*** TASK MATERIAL ***

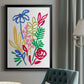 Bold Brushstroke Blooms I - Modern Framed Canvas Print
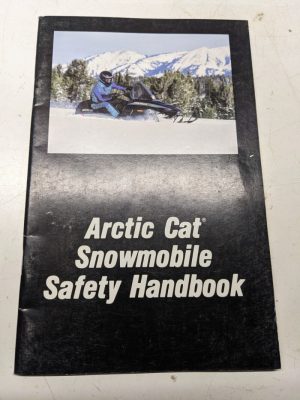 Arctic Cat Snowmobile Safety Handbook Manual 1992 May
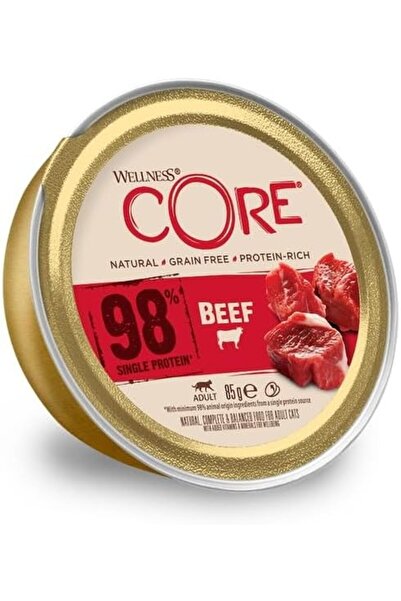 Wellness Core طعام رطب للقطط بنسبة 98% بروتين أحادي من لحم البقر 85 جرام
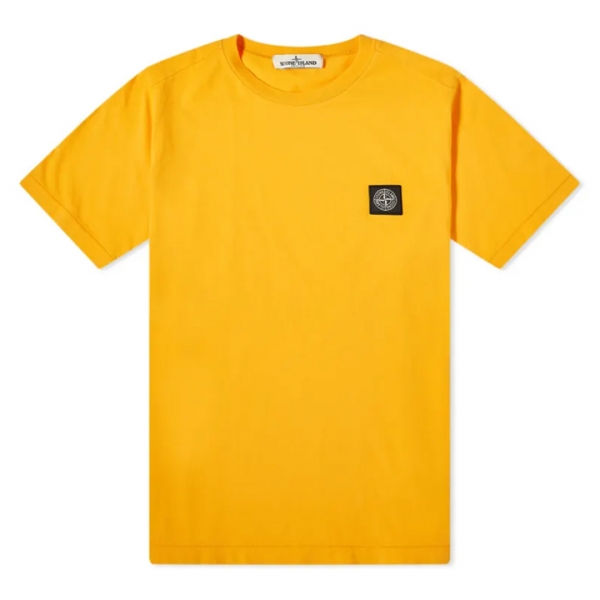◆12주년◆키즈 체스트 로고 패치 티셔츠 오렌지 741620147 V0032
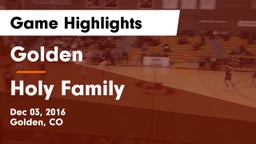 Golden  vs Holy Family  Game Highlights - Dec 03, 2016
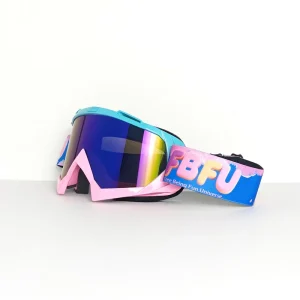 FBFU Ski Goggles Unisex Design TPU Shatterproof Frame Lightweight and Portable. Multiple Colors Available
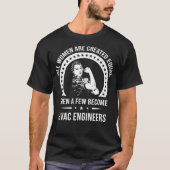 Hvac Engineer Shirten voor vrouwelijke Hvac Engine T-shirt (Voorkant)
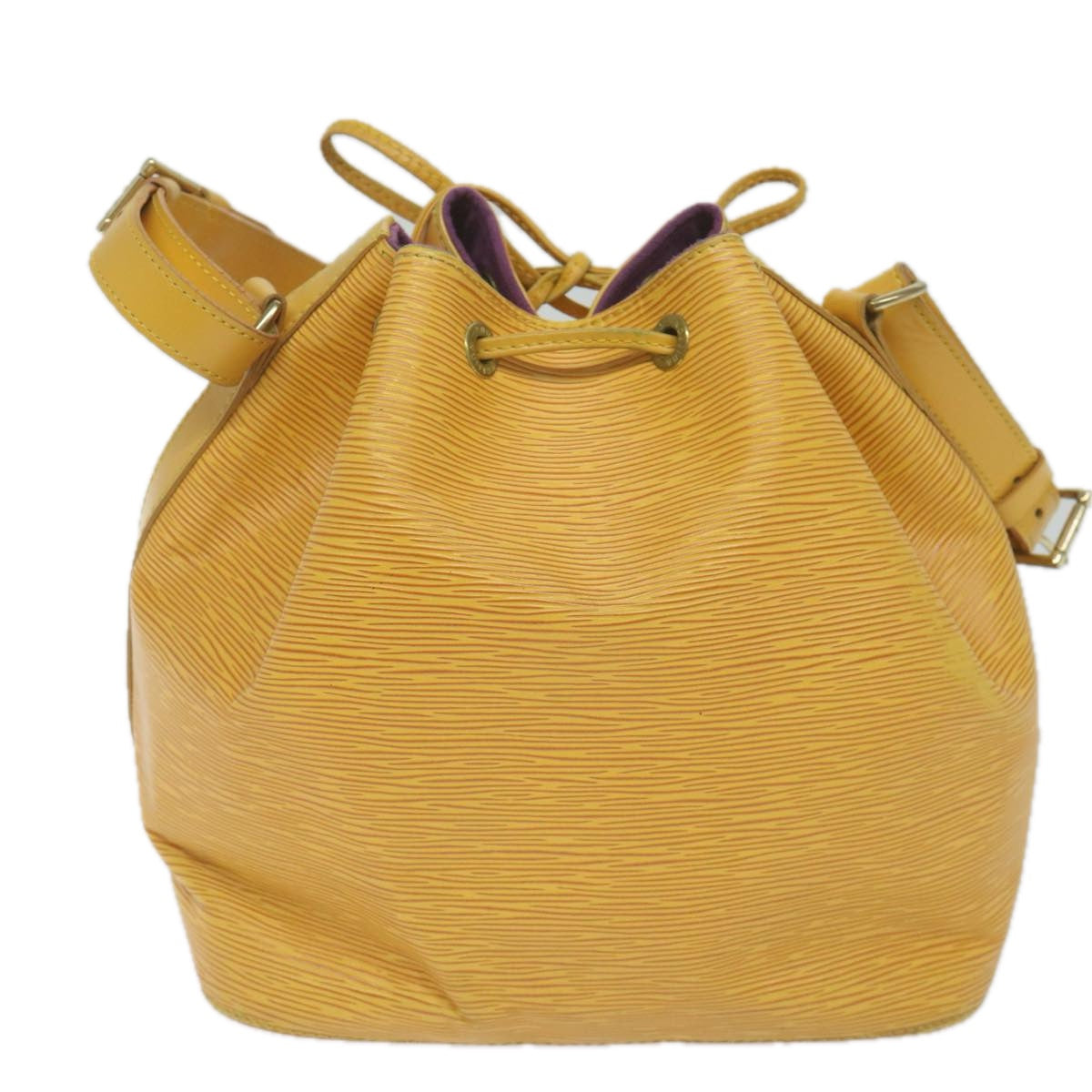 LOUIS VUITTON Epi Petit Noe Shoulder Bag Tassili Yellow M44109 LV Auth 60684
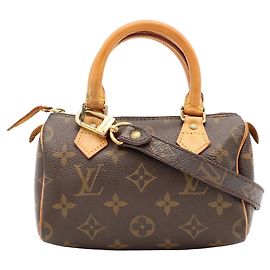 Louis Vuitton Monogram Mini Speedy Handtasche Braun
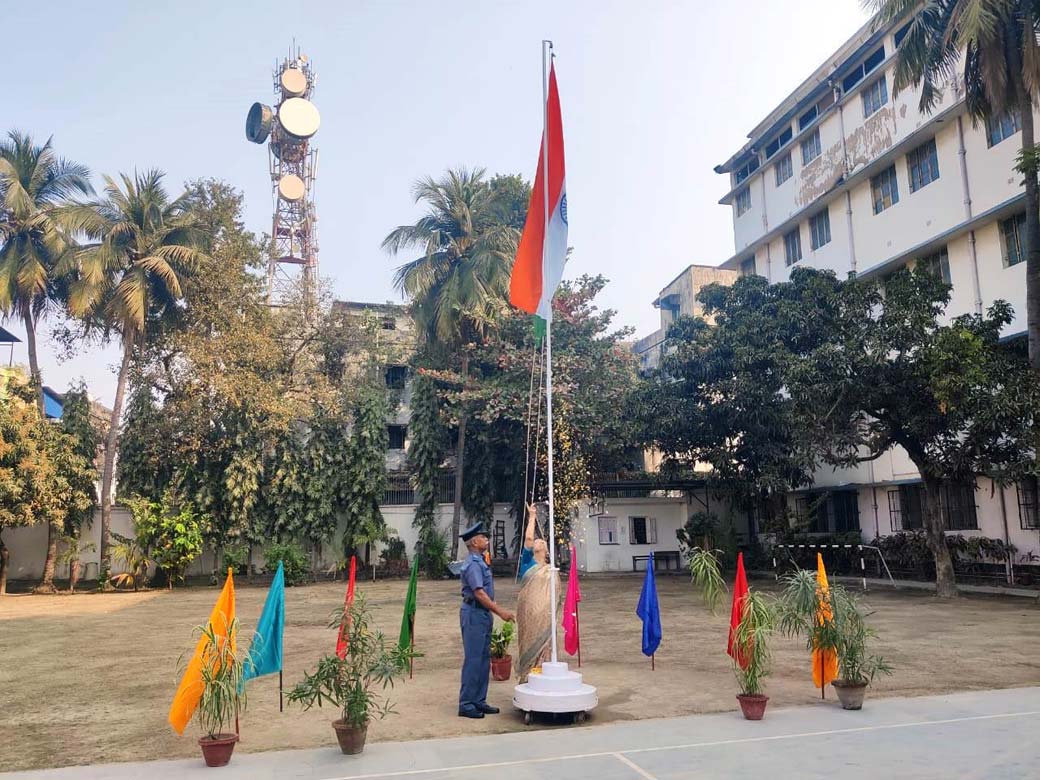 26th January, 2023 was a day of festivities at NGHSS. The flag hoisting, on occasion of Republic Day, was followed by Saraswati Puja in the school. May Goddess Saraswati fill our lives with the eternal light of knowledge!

*** End of TASK MATERIAL ***

HOW TO COMPLETE THIS TASK -
Set down word for word the lines above from the one with "Arctic Cat Snowmobile" up to and including the one with "FBFU Ski Goggles". Omit every picture.

REPLY -
 Arctic Cat Snowmobile Safety Handbook Manual 1992 May
 Wellness Core طعام رطب للقطط بنسبة 98% بروتين أحادي من لحم البقر 85 جرام
◆12주년◆키즈 체스트 로고 패치 티셔츠 오렌지 741620147 V0032
 Golden  vs Holy Family  Game Highlights - Dec 03, 2016
 FBFU Ski Goggles Unisex Design TPU Shatterproof Frame Lightweight and Portable. Multiple Colors Available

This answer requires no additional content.